Please output the following records exactly. Leave every image out.

--------------------

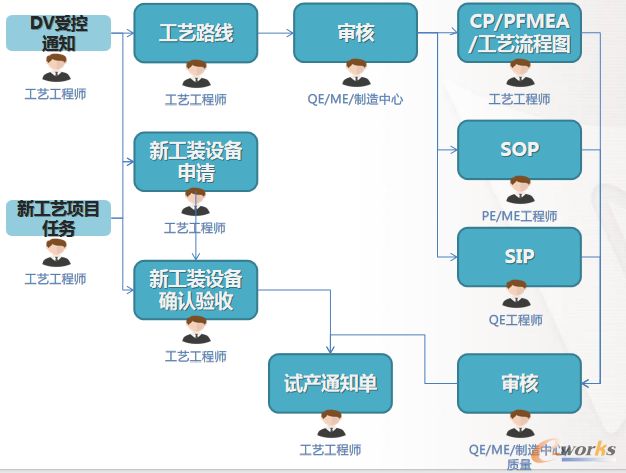 图13 工艺资料的管理流程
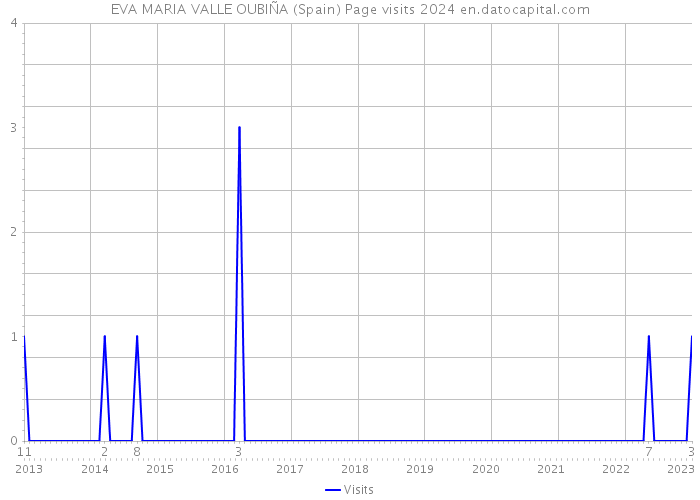 EVA MARIA VALLE OUBIÑA (Spain) Page visits 2024 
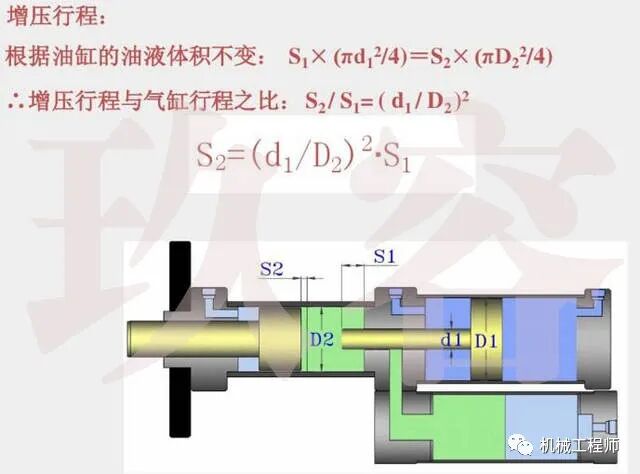 【专业知识】几种气动元件的选择方法，帮你捋一捋，供参考！的图3
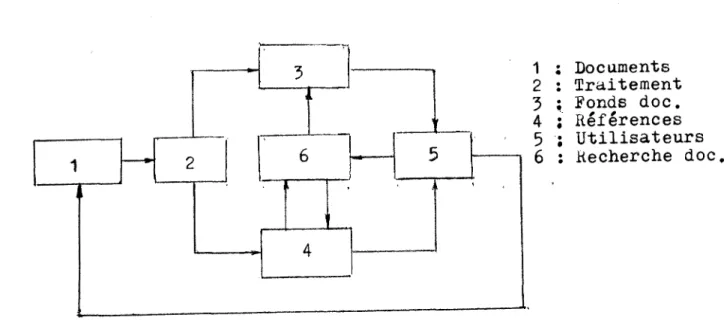 Fig.  1.  Schema d'un SRD 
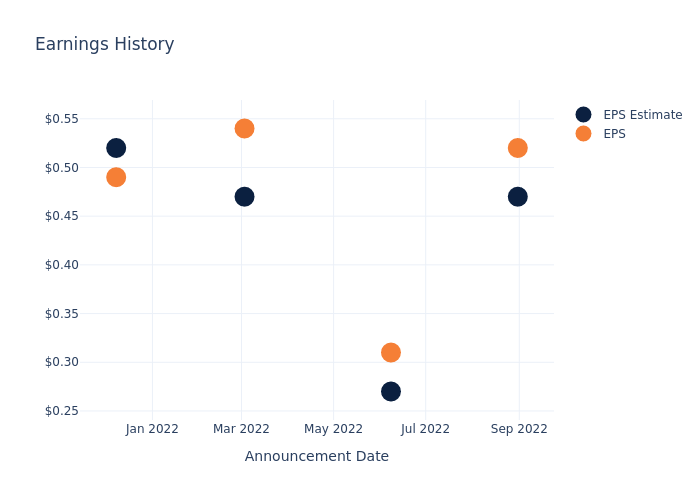 eps graph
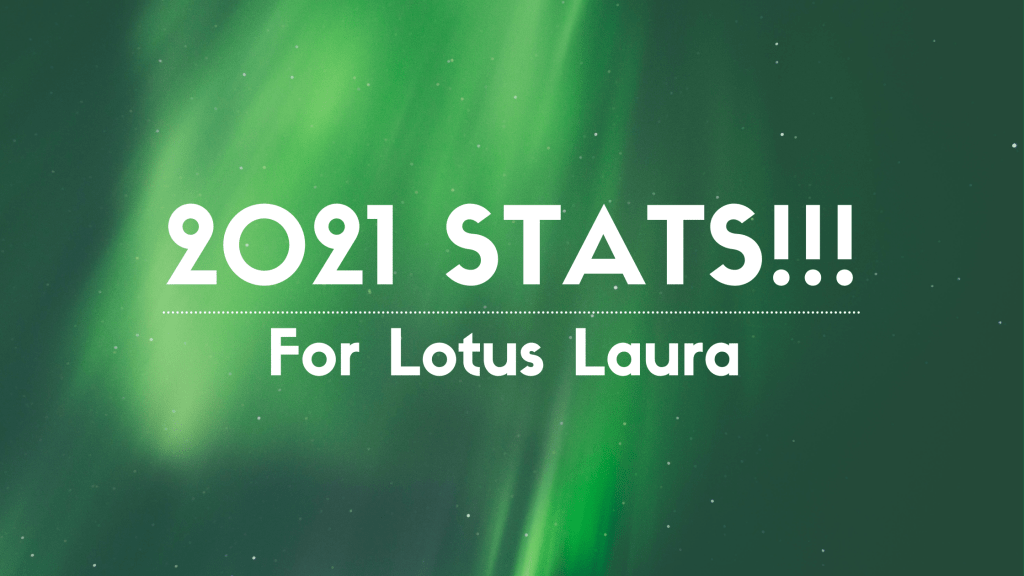 Blog STATS!!! (As of&nbsp;2021!)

--------------------

# Result of this exercise
 图13 工艺资料的管理流程
 EVA MARIA VALLE OUBIÑA (Spain) Page visits 2024 
 【专业知识】几种气动元件的选择方法，帮你捋一捋，供参考！的图3
 Fig.  1.  Schema d'un SRD 
 eps graph
 Blog STATS!!! (As of&nbsp;2021!)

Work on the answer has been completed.